The term “suspension of disbelief” – coined in 1817 by the philosopher Samuel Taylor Coleridge – refers to a willingness to suspend one’s critical faculties and believe the unbelievable; sacrificing reality, common sense, doubt and complexity on the altar of a pretend reality, convenience and oversimplification; infusing a semblance of truth into an untrue narrative.  

Suspension of disbelief characterized the 1977-79 President Carter policy toward Iran, energizing Ayatollah Khomeini, ignoring or underestimating his track record and his radical, supremacist and violent worldview.  The betrayal of the Shah transformed Teheran from “the US policeman in the Gulf” to the worst enemy of the US.

Currently, the suspension of disbelief undermines the US posture of deterrence and vital US national security and commercial interests.  It was demonstrated by President Obama, who – irrespective of Middle East reality – referred to the brutally-intolerant, terror-driven, anti-US, anti-infidel, repressive, tumultuous Arab Tsunami as the Arab Spring “casting off the burdens of the past,” “a story of self determination,” “a democratic upheaval,” “a peaceful opposition,” “rejection of political violence” and “a transition toward (multi-sectarian, multi-ethnic) democracy.”
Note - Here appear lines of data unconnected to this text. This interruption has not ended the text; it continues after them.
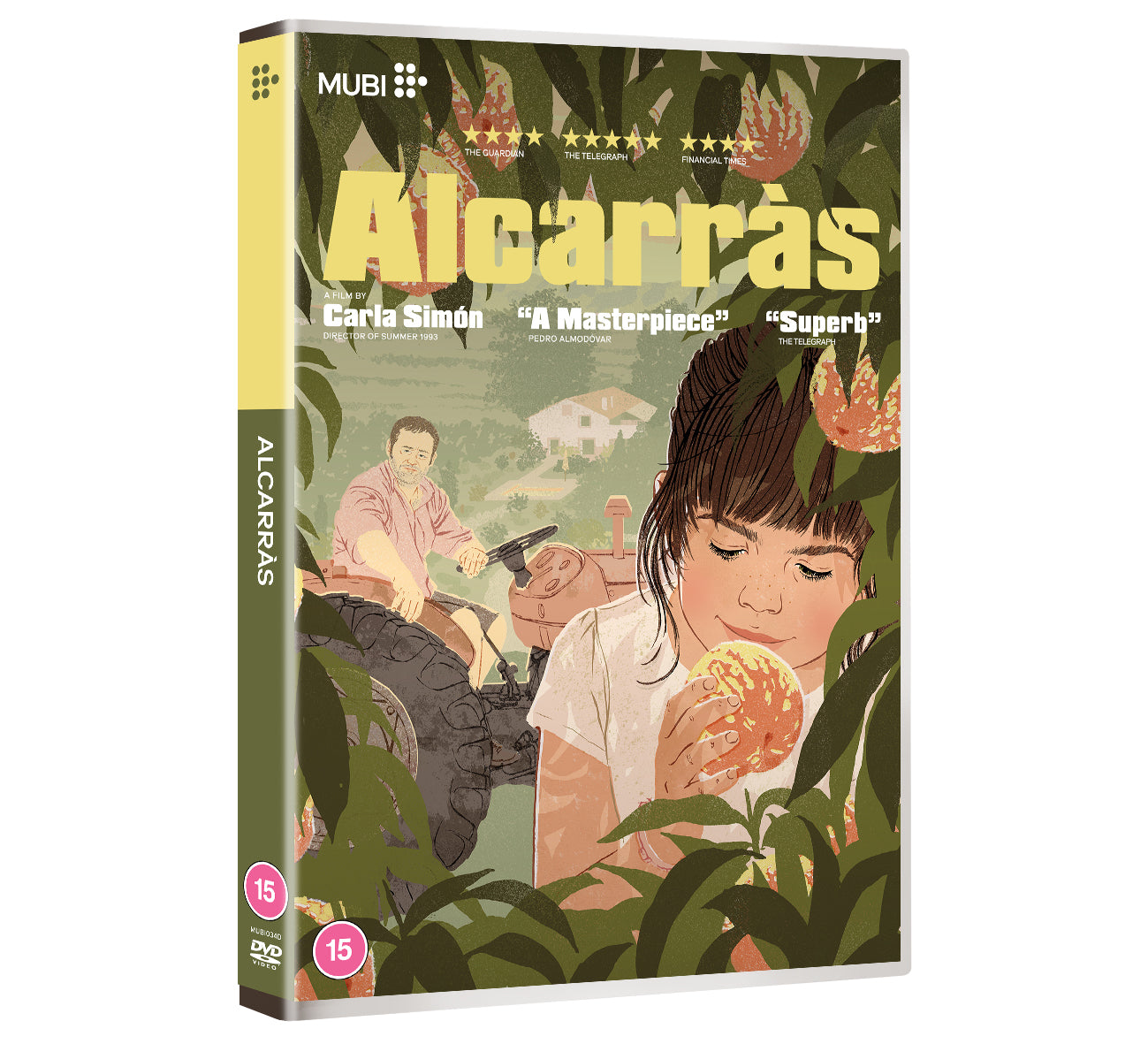 Alcarràs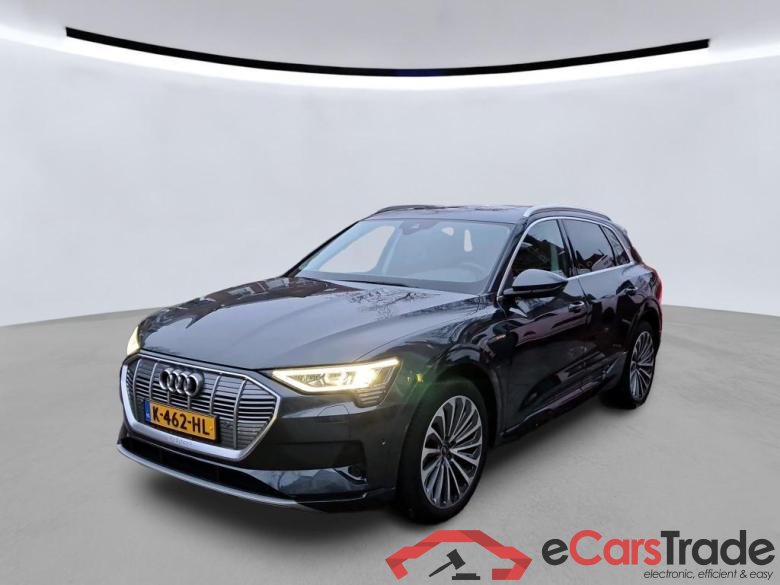 AUDI e-tron 300 kW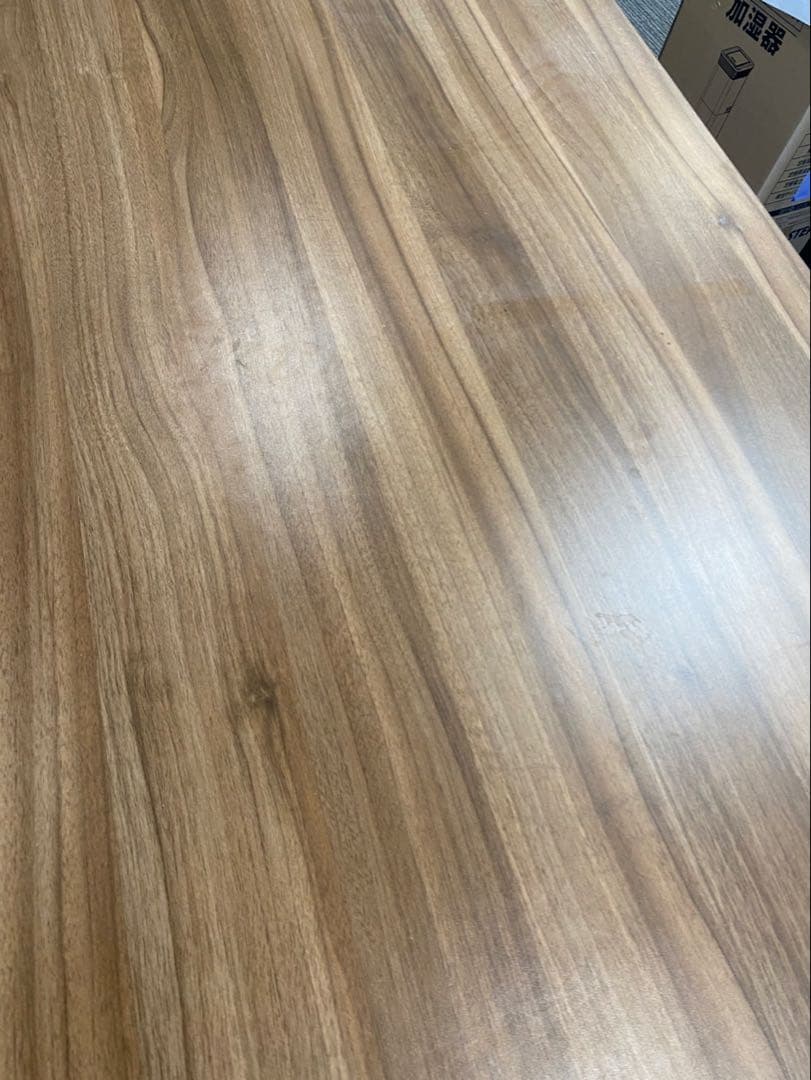 まとめ売り★オフィスコム　ミーティングテーブル　6台セット　オフィス机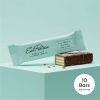 Chocolate Coconut Wafer - 10 Bars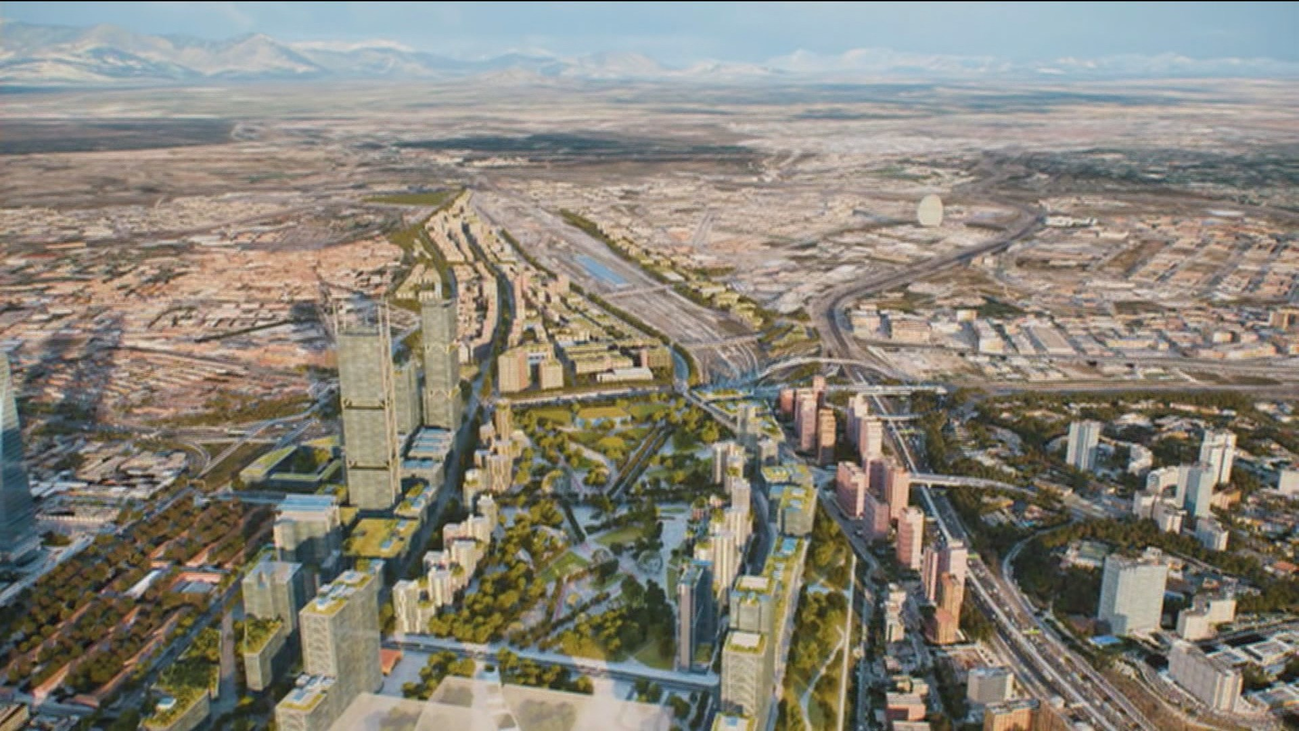 Calvo afea a Almeida que atribuirse desbloqueo de Nuevo Norte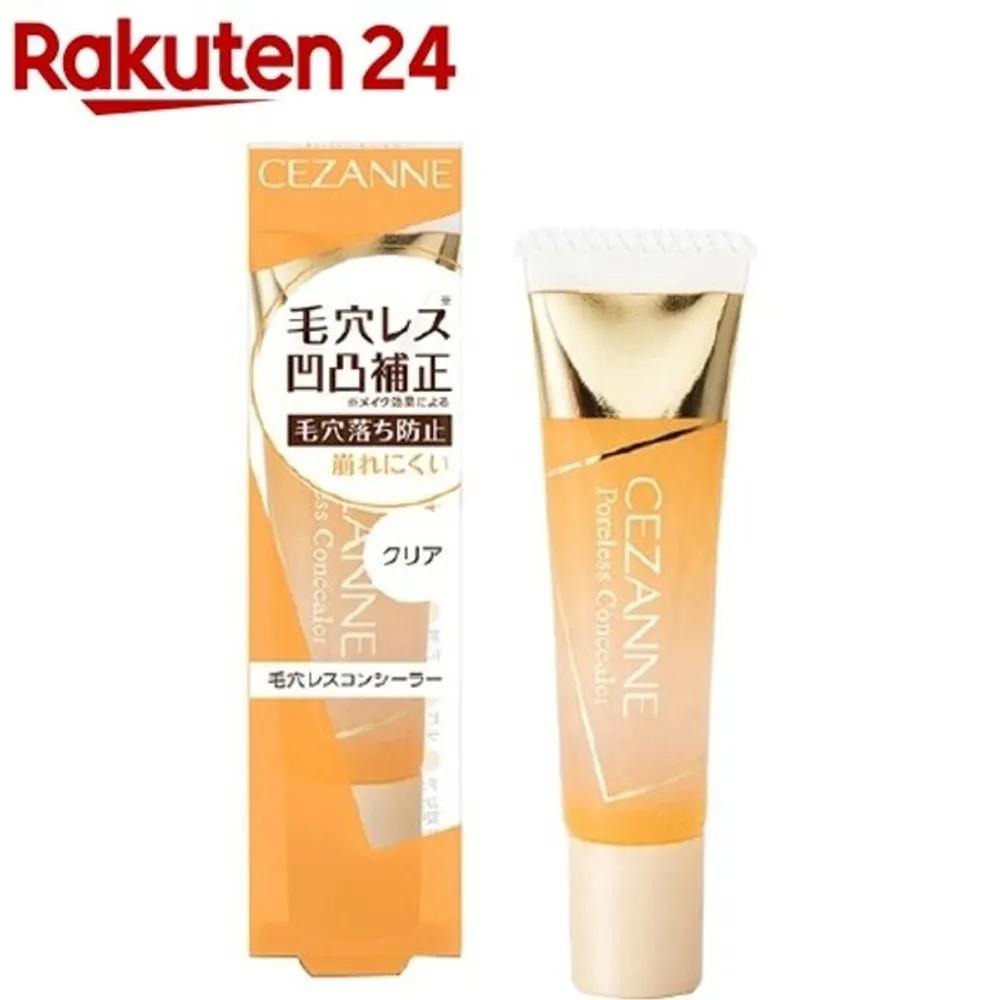 CEZANNE Pore Concealer 11g Transparent Cover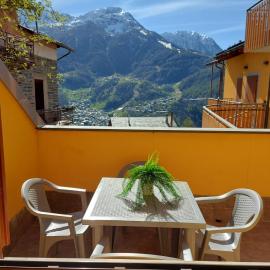 La Terrazza Apartment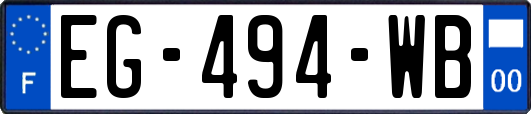 EG-494-WB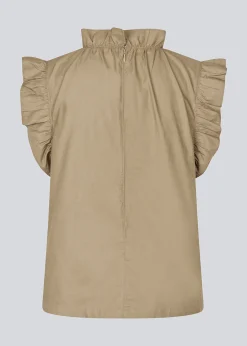 Modström IzakMD Top -< Toppe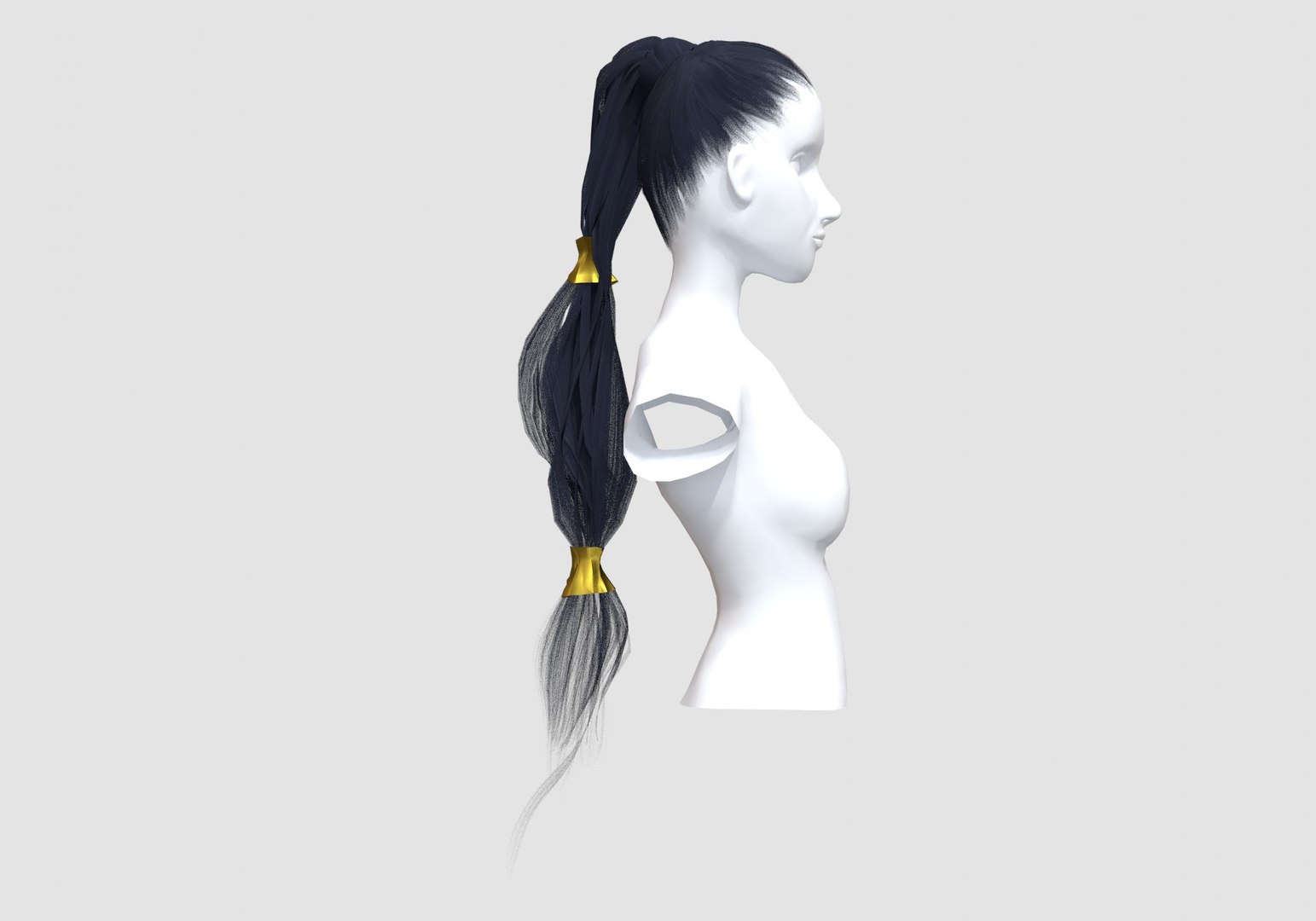 Bun Ponytail Hairstyle 3D https://p.turbosquid.com/ts-thumb/Y5/s7Q1IH/9j/10003/jpg/1660090392/1920x1080/fit_q87/c80077527888a6f18a41560bcc1c8155072a403a/10003.jpg
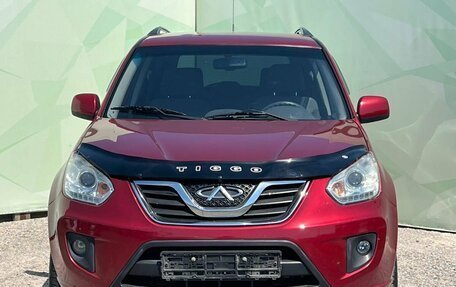 Chery Tiggo (T11), 2014 год, 780 000 рублей, 2 фотография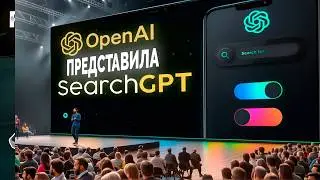 Революционный SearchGPT, xAI суперкомпьютер от Маска, Нейроинтерфейсы с chatGPT и ремонт Cybertruck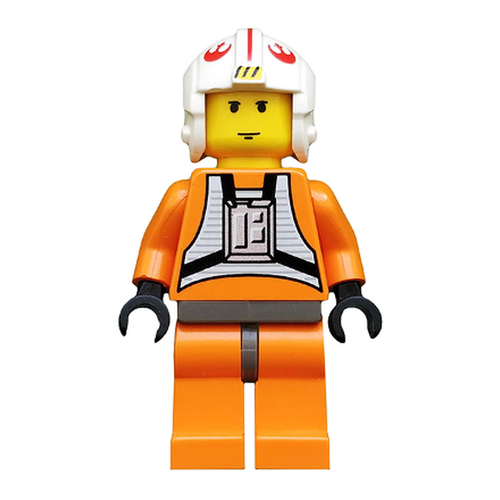 Люк Скайуокер sw0019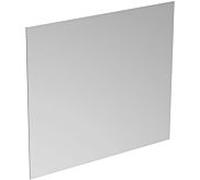 Ideal Standard Mirror & Light Spiegel T3368BH 800 x 4 x 700 mm, avec kit de montage, neutre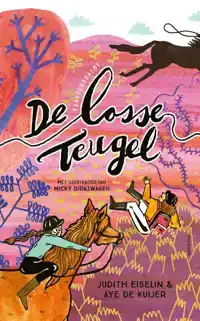 DE LOSSE TEUGEL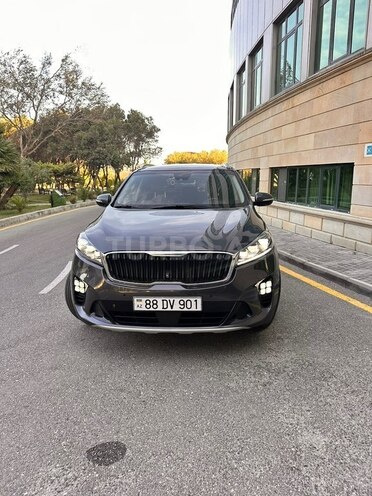 Kia Sorento 2019, 170,000 km - 2.0 л - Bakı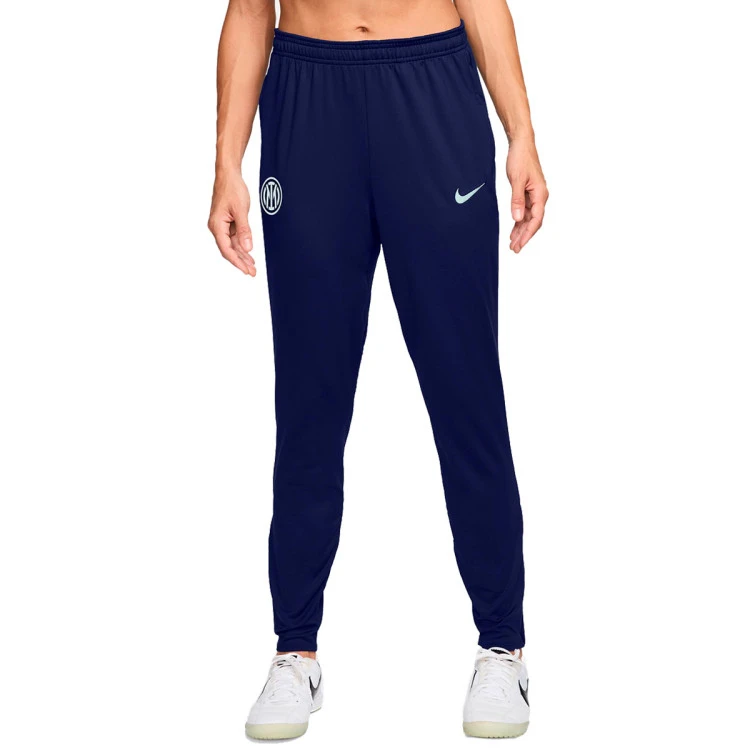 Pantalón largo Nike Inter Milan Training 2025-2026 Mujer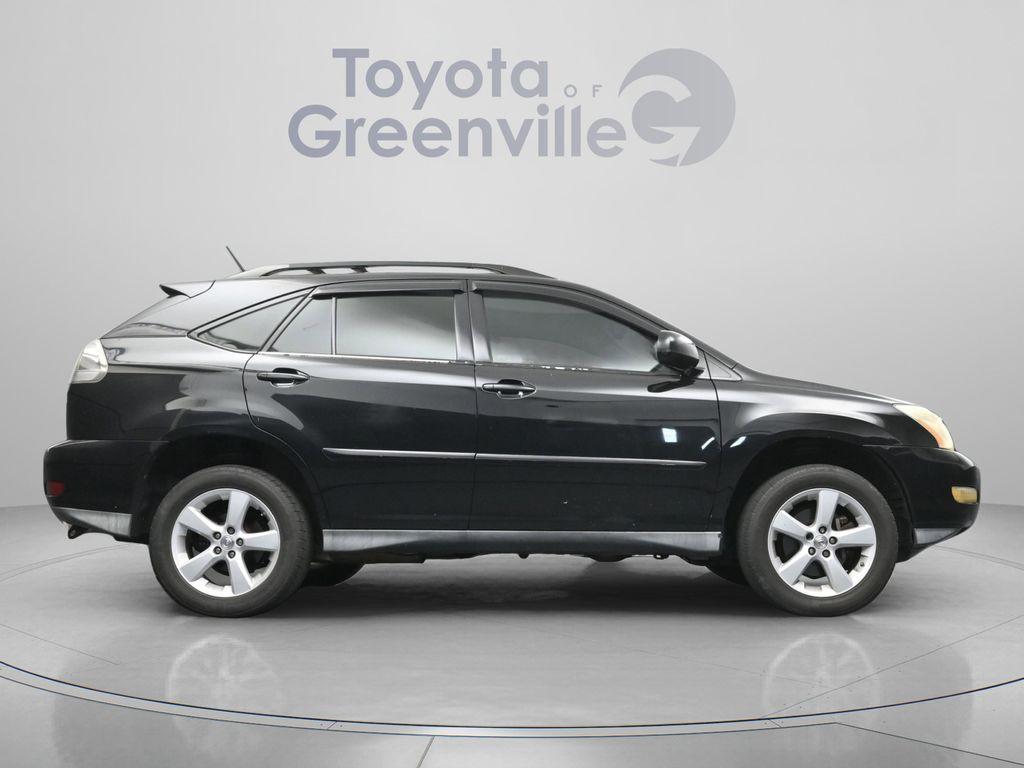 used 2007 Lexus RX 350 car, priced at $7,991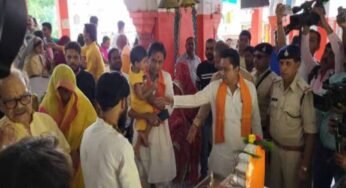 इंदौर में शाजिया बन गई सपना, अलफीजा अब आलिया, 18 मुसलमान बन गए हिंदू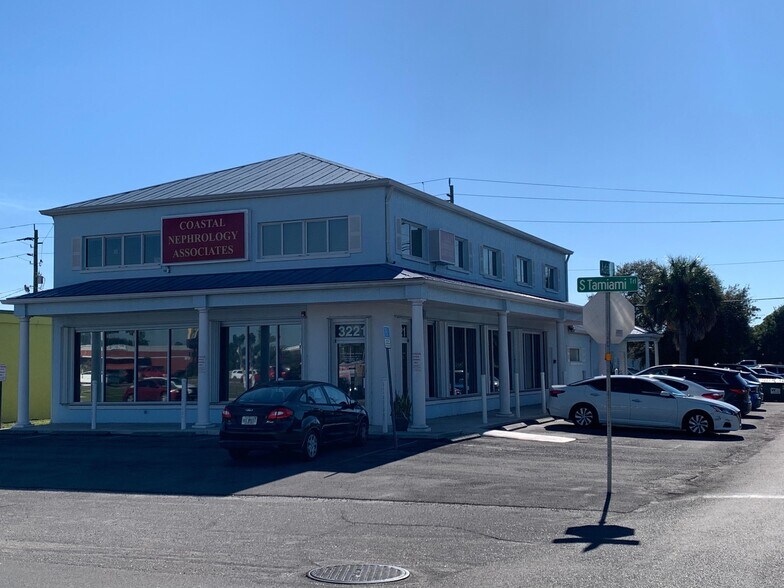 More Photos Of 3221 Tamiami Trl, Port Charlotte Medical For Lease
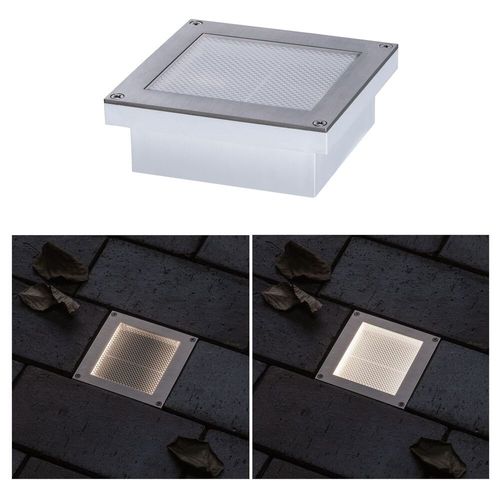 LED Bodeneinbauleuchte Brick...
Suspension of disbelief, coupled with the Ayatollahs’ mastery of ‘Taqiyya’ (Islam-sanctioned double-talk and deception), has led Secretary Kerry to assert on November 24, 2013: “Iran’s Foreign Minister Zarif emphasized that they don’t intend to acquire nuclear weapons, and Iran’s Supreme Leader has indicated that there is a ‘fatwa’ [an authoritative religious ruling], which forbids them to do this.”  In an April 7, 2015 NPR radio interview, President Obama made a reality-stretching assumption which underlines the Iran policy: “If in fact Iran is engaged in international business… then in many ways it makes it even harder for them to engage in behaviors that are contrary to international norms…. It is possible that if we sign this nuclear deal, we strengthen the hand of the more moderate forces in Iran….”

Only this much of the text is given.